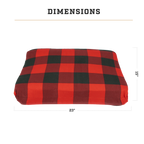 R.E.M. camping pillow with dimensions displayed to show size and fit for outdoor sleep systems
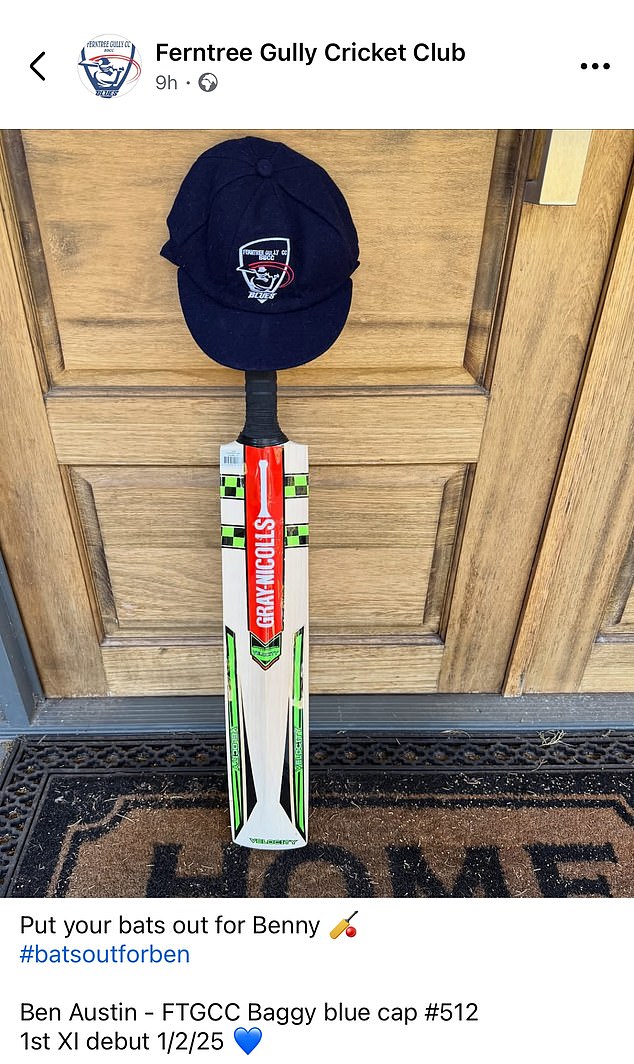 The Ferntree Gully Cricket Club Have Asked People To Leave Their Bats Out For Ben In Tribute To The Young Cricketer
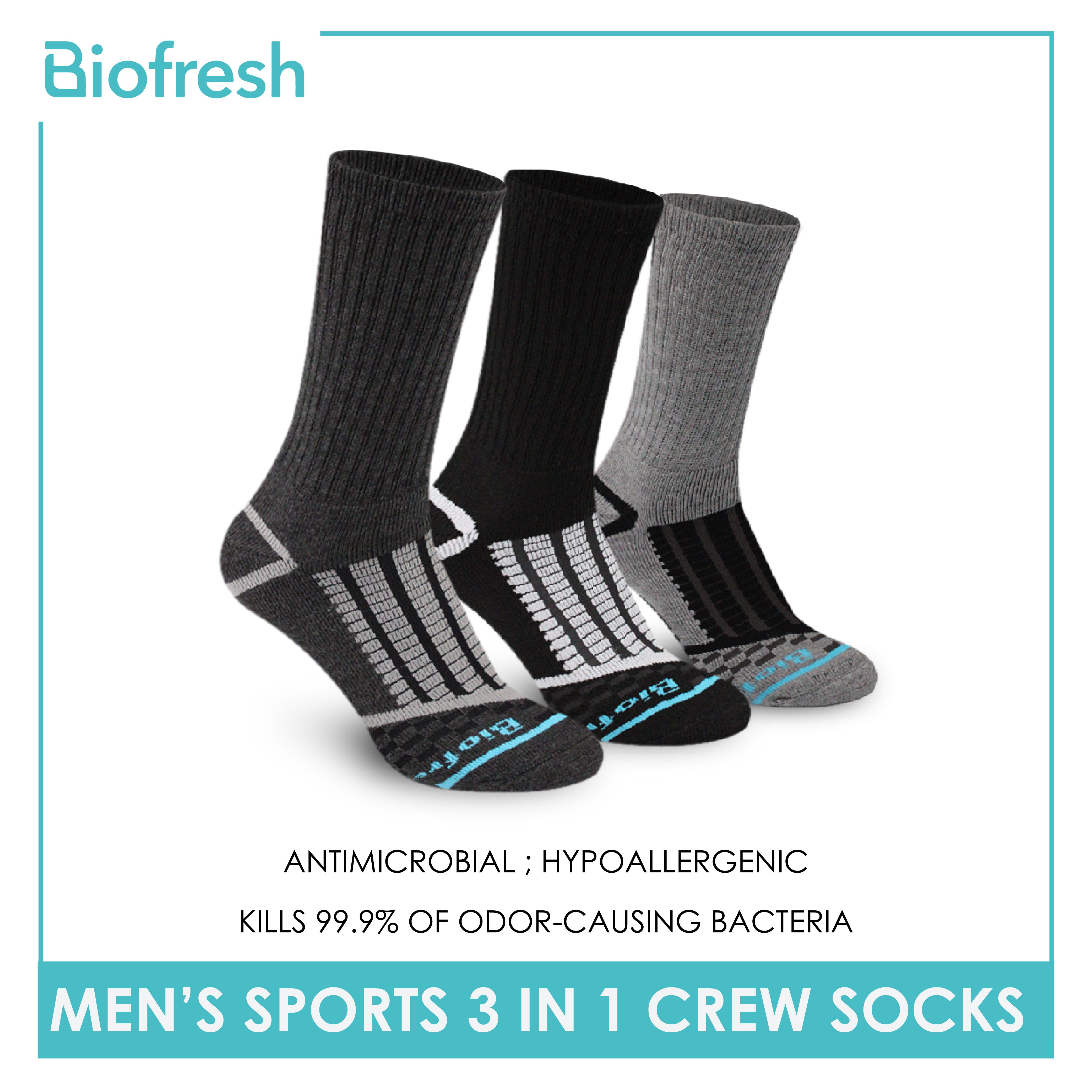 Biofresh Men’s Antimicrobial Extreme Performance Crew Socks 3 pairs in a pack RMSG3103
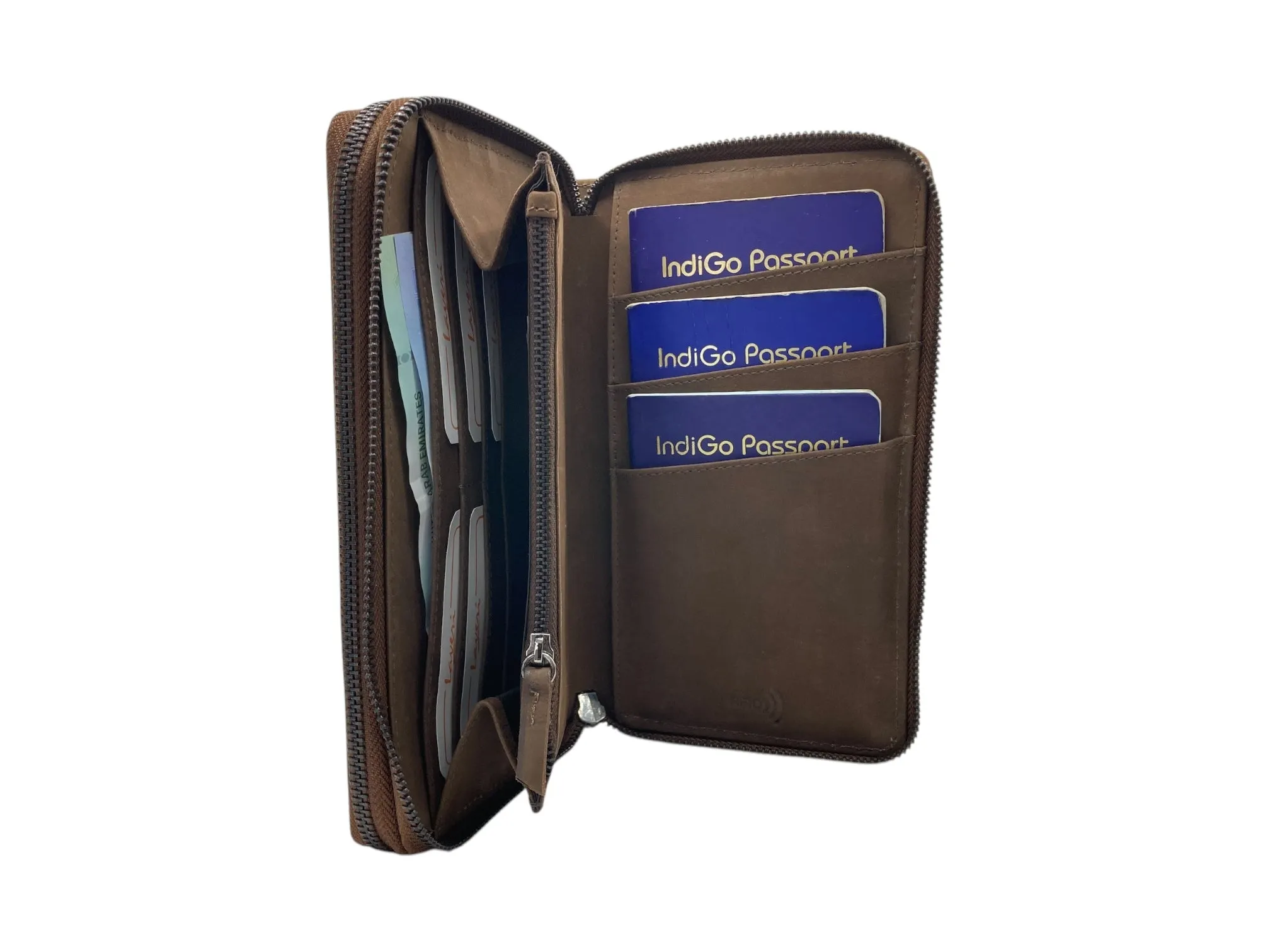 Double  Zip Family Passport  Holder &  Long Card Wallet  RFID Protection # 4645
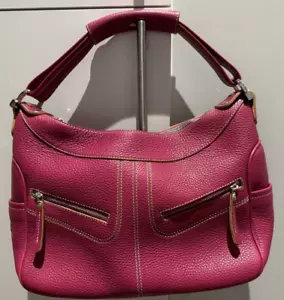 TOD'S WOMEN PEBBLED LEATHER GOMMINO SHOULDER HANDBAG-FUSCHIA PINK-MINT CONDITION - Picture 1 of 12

________________________

For this answer, retype the lines from the start of the listing through the line that holds "The Ferntree Gully", inclusive, exactly and without pictures.

 R.E.M. camping pillow with dimensions displayed to show size and fit for outdoor sleep systems
 The Ferntree Gully Cricket Club Have Asked People To Leave Their Bats Out For Ben In Tribute To The Young Cricketer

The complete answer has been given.